Dabei ist das oben genannte Brotzeit-Beispiel noch harmlos, immerhin ist hinterher ein bisschen Nahrung in den Kindern drin. Oft genug gelingt das gar nicht erst – und zwar vor allem dann, wenn ich den Fehler mache, etwas zu kochen, das der Große noch nicht kennt. Schließlich soll man den Kindern Abwechslung bieten und neue Geschmackserlebnisse ermöglichen. Auffällig oft läuft das Ganze dann so ab: Ben nimmt (wenn er gut drauf ist) mit Enthusiasmus eine volle Gabel in den Mund, kaut erst energisch, dann immer langsamer, bis er schließlich innehält, den Mund aufmacht und Speisebrei durch seinen leicht geöffneten Mund quellen lässt, mit den vernuschelten Worten: „Daff fmeckt mir doff nifft.“ Und wer hält dann schnell die Hand hin? Richtig.
Es gibt zwei Dinge, die mir bei allem Frust als Reaktion nicht in den Sinn kommen würden. Zum einen, Sätze zu sagen wie „Gegessen wird, was auf den Tisch kommt!“ oder: „Wenn du nicht aufisst, gibt es schlechtes Wetter“ oder: „In Afrika verhungern Kinder!“ Mein Mann und ich sind uns einig, dass Essen niemals Zwang oder Druckmittel oder Machtdemonstration sein darf. Zum anderen werde ich aber auch nicht anfangen, Vollkornbrot zu Sternchen zu stanzen und Krokodile aus Salatgurken zu schnitzen, um das Thema Essen mit mehr Ästhetik und Entertainment aufzuladen. Ich weiß, es gibt kreative Eltern, die das mit viel Ehrgeiz und Begeisterung tun und anschließend Fotos beeindruckender Schul-Lunchboxen bei Instagram hochladen. Aber ich fluche ja schon, wenn ich für den Kindergeburtstag Obst-Käse-Spieße machen muss – nein, es gibt Opfer, die ich nicht bereit bin zu bringen.
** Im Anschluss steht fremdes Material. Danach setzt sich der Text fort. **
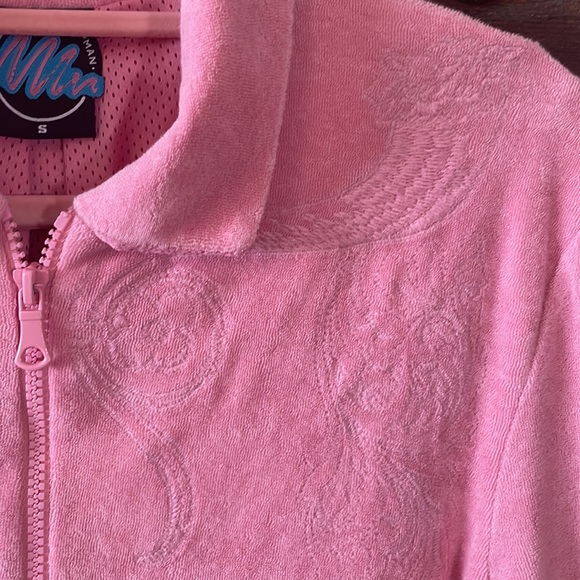 Nasir Mazhar x Topman Pink Terry Cloth Zip-up Size Small - Picture 8 of 16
Was also tue ich? Ich koche, je nach Tagesform, tapfer weiter neue Gerichte, kaufe immer mal neue Brotbeläge ein und freue mich, wenn es mir gelingt, die Jungs zu überzeugen, davon zumindest zu probieren. Wenn es dann heißt „schmeckt nicht“, ist das okay – nur Kommentare wie „bäh“ oder „eklig“ sind am Tisch nicht erlaubt. Und dann gibt es Tage, an denen koche ich einfach Spaghetti mit Butter und Salz, weil mir die Energie für Aufwändigeres fehlt und wir uns darauf immer einigen können. Es soll sogar vorgekommen sein, dass es mehrere Tage hintereinander Spaghetti gab… Wenn mich das schlechte Gewissen packt, denke ich daran, was mir meine Schwiegermutter vor Jahren erzählt hat: Mein Mann hat sich als Kind wochenlang auf eigenen expliziten Wunsch nur von Bratkartoffeln ernährt, und es ist trotzdem etwas aus ihm geworden (und kochen kann er auch, besser als ich).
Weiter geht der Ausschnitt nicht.